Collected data
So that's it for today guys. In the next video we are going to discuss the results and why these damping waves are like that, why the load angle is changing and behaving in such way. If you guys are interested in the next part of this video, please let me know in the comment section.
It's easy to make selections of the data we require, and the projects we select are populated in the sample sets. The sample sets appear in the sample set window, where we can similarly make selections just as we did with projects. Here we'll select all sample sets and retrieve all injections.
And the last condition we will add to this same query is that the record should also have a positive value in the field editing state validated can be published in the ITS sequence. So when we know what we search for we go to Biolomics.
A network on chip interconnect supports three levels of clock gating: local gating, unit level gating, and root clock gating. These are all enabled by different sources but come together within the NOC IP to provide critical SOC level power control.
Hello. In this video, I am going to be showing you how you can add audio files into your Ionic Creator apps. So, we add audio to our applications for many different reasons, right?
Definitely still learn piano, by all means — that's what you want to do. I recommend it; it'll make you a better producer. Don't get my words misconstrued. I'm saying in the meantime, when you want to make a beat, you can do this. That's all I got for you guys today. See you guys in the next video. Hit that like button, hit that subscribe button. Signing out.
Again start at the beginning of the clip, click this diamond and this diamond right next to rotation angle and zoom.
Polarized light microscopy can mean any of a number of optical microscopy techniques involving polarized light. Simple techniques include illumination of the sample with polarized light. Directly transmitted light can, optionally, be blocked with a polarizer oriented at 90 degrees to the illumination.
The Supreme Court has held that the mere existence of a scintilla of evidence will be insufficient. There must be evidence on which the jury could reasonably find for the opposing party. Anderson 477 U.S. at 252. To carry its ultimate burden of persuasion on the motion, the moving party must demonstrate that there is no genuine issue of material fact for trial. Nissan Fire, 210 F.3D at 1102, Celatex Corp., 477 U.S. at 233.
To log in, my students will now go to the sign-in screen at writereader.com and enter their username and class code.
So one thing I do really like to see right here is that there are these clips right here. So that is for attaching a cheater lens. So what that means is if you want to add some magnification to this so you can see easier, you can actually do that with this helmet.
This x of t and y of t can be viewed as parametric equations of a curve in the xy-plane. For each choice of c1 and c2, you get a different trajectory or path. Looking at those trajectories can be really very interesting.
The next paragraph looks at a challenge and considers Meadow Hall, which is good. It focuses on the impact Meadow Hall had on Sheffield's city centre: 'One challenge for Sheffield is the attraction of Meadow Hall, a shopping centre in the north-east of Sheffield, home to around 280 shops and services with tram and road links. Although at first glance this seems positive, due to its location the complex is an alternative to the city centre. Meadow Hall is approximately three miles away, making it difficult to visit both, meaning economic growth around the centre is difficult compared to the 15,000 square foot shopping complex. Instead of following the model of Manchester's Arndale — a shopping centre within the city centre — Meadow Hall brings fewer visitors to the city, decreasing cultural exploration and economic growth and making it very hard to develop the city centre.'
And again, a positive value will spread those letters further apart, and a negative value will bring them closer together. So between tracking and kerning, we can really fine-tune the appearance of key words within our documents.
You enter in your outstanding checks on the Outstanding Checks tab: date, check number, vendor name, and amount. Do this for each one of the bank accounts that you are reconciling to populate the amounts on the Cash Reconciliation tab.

▶ **WHAT YOU NEED TO DO**
Reproduce the records above line by line, without any change, up to and including the line that holds "Polarized light microscopy".

▶ **THE COMPLETED TASK**
So that's it for today guys. In the next video we are going to discuss the results and why these damping waves are like that, why the load angle is changing and behaving in such way. If you guys are interested in the next part of this video, please let me know in the comment section.
It's easy to make selections of the data we require, and the projects we select are populated in the sample sets. The sample sets appear in the sample set window, where we can similarly make selections just as we did with projects. Here we'll select all sample sets and retrieve all injections.
And the last condition we will add to this same query is that the record should also have a positive value in the field editing state validated can be published in the ITS sequence. So when we know what we search for we go to Biolomics.
A network on chip interconnect supports three levels of clock gating: local gating, unit level gating, and root clock gating. These are all enabled by different sources but come together within the NOC IP to provide critical SOC level power control.
Hello. In this video, I am going to be showing you how you can add audio files into your Ionic Creator apps. So, we add audio to our applications for many different reasons, right?
Definitely still learn piano, by all means — that's what you want to do. I recommend it; it'll make you a better producer. Don't get my words misconstrued. I'm saying in the meantime, when you want to make a beat, you can do this. That's all I got for you guys today. See you guys in the next video. Hit that like button, hit that subscribe button. Signing out.
Again start at the beginning of the clip, click this diamond and this diamond right next to rotation angle and zoom.
Polarized light microscopy can mean any of a number of optical microscopy techniques involving polarized light. Simple techniques include illumination of the sample with polarized light. Directly transmitted light can, optionally, be blocked with a polarizer oriented at 90 degrees to the illumination.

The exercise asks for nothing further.